DATA SEGMENT START
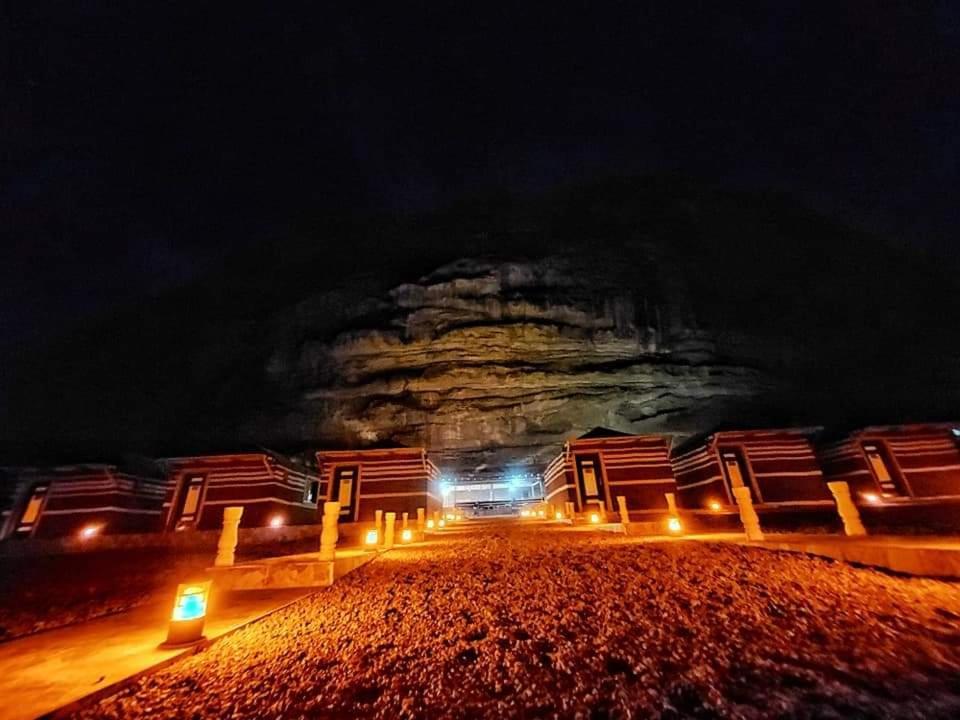 Wadi Rum Star Wars Camp Екстериор снимка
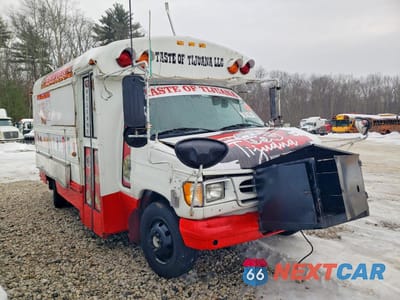 Czwarte zdjęcie samochodu z boku: 2002 FORD ECONOLINE E350 SUPER DUTY CUTAWAY VAN VIN:1FDSE35F22HA82659 - miniatura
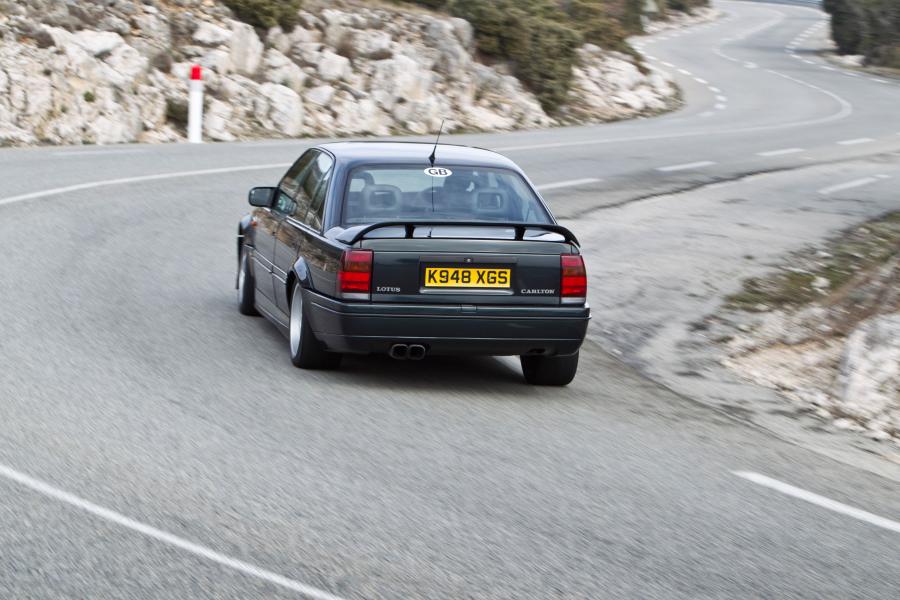  Vauxhall Omega Lotus by Carlton 1990 года  (фото 12 из 34)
DATA SEGMENT END
-- WORK REQUEST --
Hand back exactly the lines from the one with "Czwarte zdjęcie samochodu" through the last line of the data above, both ends included, with every picture left out.

-- TASK RESPONSE --
 Czwarte zdjęcie samochodu z boku: 2002 FORD ECONOLINE E350 SUPER DUTY CUTAWAY VAN VIN:1FDSE35F22HA82659 - miniatura
  Vauxhall Omega Lotus by Carlton 1990 года  (фото 12 из 34)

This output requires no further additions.